Sato despediu-se da dona no mesmo minuto em que Olga voltou. A madura senhora disse: – Hoje mesmo você deixa esse figurino tosco para trás. Daqui pra frente, você será uma nova mulher.

– Eu quero saber… o porquê – Olga olhou a patroa que tinha sido amiga desde o início.

– Eu já disse: você é jovem demais para ter um semblante tão triste e uma vida tão sem propósito. Ser feliz com as próprias escolhas é o principal propósito de cada um – respondeu Mei levando a jovem consigo.

– Como eu faço isso? – perguntou Olga andando com a patroa. Notou, ao mesmo tempo, alguns olhares de moças reparando no vestido que ela usava.

– Pense em tudo que a levou até aqui e pergunte a si mesma se é isso que você realmente quer para sua vida. Ela é curta demais para ficarmos sem sorrir. E boa demais para nos preocuparmos com a opinião dos outros – a patroa a levava para uma loja distante duas quadras do bar.

Olga nada mais disse. Acabou sorrindo. Sentia-se feliz como há muito não o fazia. As duas logo chegaram à loja, onde uma senhora pequena e magra recebeu-as com um enorme sorriso: – Quantos dias que você não vinha, Mei!

– Trouxe essa moça pra fazer umas compras. Um banho de loja, se me permite – riu a dona do bar com galhardia.
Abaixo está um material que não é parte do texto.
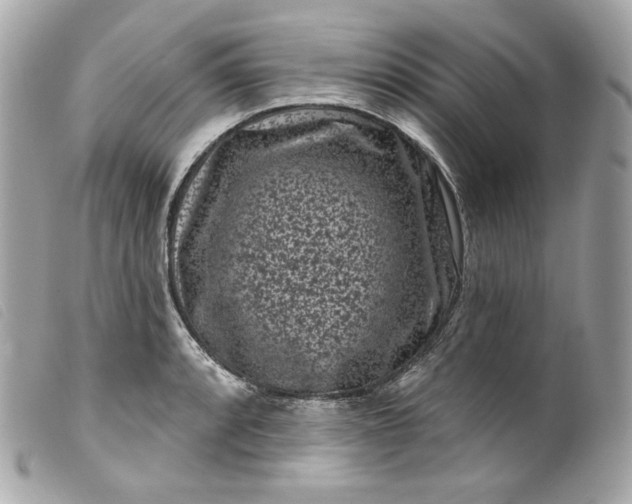 X0000099561088200805301536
– Ela precisa, meu Deus. Menina, que diabos a sua mãe pensou te fazendo usar esse vestido de velha? – a proprietária da loja olhou Olga com espanto.

– Possivelmente me guardar para o meu agora ex-noivo – respondeu a jovem para em seguida lembrar-se de o que chamava de “o pior momento de sua vida”. A lojista, senhora Takamura, tinha sabido da história por um jornal enviado de Shiroishi pelo filho mais velho.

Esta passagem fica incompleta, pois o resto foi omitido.